Kein fertiger Leitfaden

Einen fertigen Leitfaden dafür – wie es ihn etwa im deutschen Innenministerium seit Jahren gibt – hat die Regierung laut Kanzleramt übrigens nicht. Doch in wesentlichen Punkten folgt die derzeitige Informations- und Öffentlichkeitsarbeit der Regierung den Handbüchern für Krisenkommunikation, wie der Politologe Peter Filzmaier gegenüber ORF.at bestätigt.

Dazu gehört, eine möglichst gute Bestandsaufnahme der Gefahrensituation zu geben und auch die möglichen Folgen klar zu kommunizieren.

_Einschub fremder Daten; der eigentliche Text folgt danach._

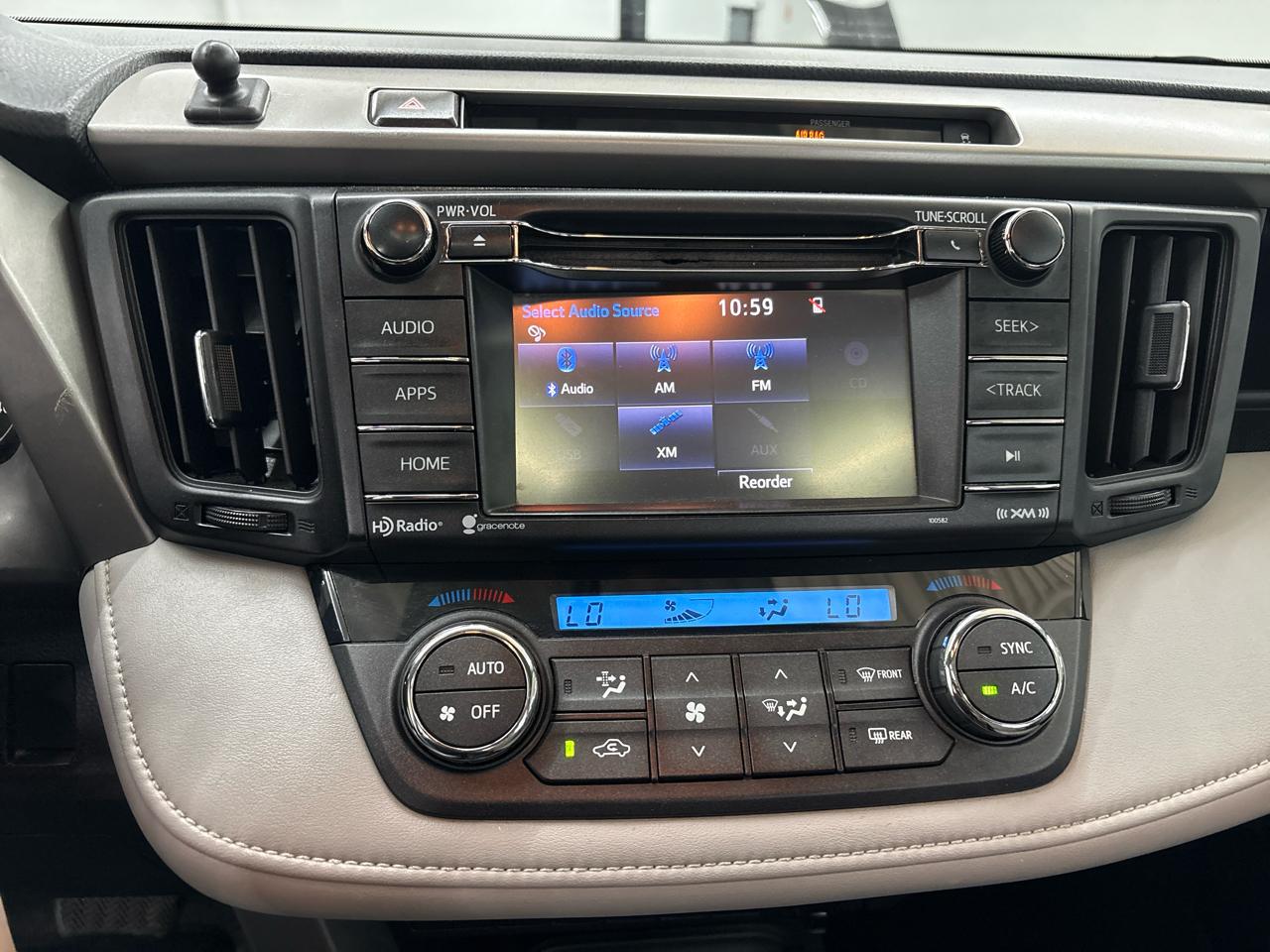 Toyota RAV4 FWD 4dr XLE (Natl) 2016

Zentral ist eine „geschlossene Kommunikation“, also, dass alle Regierungsmitglieder mit einer Stimme sprechen, geschlossen und kohärent nach außen auftreten, selbst wenn es im Hintergrund Streit über die Maßnahmen geben sollte. In regulären Zeiten sei es ja völlig normal, interne Konflikte auch öffentlich abzuhandeln. In der aktuellen Lage würde das die Bevölkerung aber „massiv verunsichern“, so Filzmaier.

Wichtig sei auch, die gesamte Bevölkerung anzusprechen. Auch Innenminister Karl Nehammer (ÖVP) habe daher von „Österreicherinnen und Österreichern“ auf „Österreicherinnen und Österreicher und Menschen, die in unserem Land leben“ umgeschaltet, so Filzmaier.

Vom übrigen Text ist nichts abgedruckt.